Najwyższa Izba Kontroli skontrolowała dziewięć spośród 82 lubuskich gmin oraz 18 przedsiębiorstw wodociągowych pod kątem m.in. zapewnienia zaopatrzenia w wodę przeznaczoną do spożycia.
Jakość wody
Wieloletnie zapóźnienia w rozwoju sieci kanalizacyjnej i wodociągowej na terenie województwa lubuskiego, niedostateczny nadzór nad prawidłowym odprowadzaniem ścieków, a także brak odpowiednich stref ochrony ujęć wody przyczyniały się do powstawania realnych zagrożeń dla mieszkańców. Każde ze skontrolowanych przedsiębiorstw wodociągowych średnio przez ponad miesiąc w okresie objętym kontrolą (2,5 roku) nie zachowało odpowiednich parametrów wody. Najczęściej stwierdzano występowanie w wodzie groźnych bakterii z grupy coli. Tymczasem wszelkie zaniechania w tym obszarze stwarzały zagrożenie dla bezpieczeństwa zasobów wód podziemnych, skąd czerpana jest woda na cele zbiorowego zaopatrzenia mieszkańców w wodę.

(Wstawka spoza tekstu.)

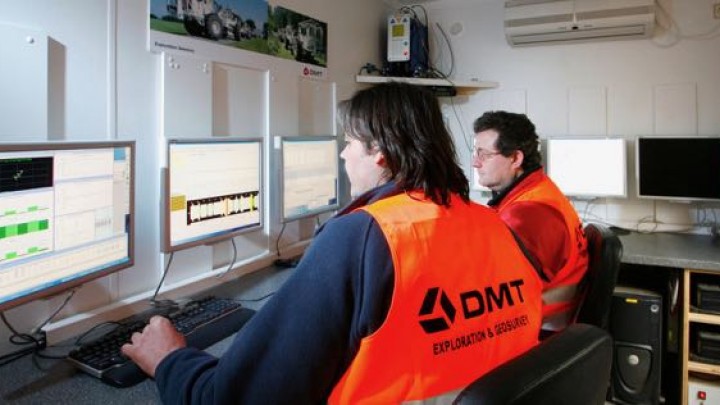 Het Duitse bedrijf DMT Group voert het seismisch onderzoek uit.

Na przykład w gminie Strzelce Krajeńskie w przypadku lokalnego ujęcia wody kilkukrotnie dochodziło do skażenia bakteriami z grupy coli. Ich obecność wynikała z braku skanalizowania miejscowości oraz łamania przez mieszkańców obowiązku wywozu nieczystości płynnych do oczyszczalni ścieków. Kontrola NIK ujawniła, że kilkanaście metrów powyżej ujęcia wody znajduje się betonowa pokrywa bezodpływowego szamba. Użytkownicy tego zbiornika przekazywali do oczyszczalni tylko ok. 17 proc ścieków ze zużywanej wody. Na odbiór pozostałych 83 proc. nieczystości nie posiadali udokumentowania.
Z kolei we wrześniu 2013 r. ponad 14 tys. mieszkańców Drezdenka przez trzy dni było pozbawionych wody, zarówno nadającej się do spożycia, jak i do celów gospodarczych, także ze względu na obecność w niej bakterii grupy coli. Zostało to stwierdzone po wykonaniu prac remontowych jednej ze studni: przeprowadzono po nich co prawda dezynfekcję, jednak nie wykonano później badań jakości wody.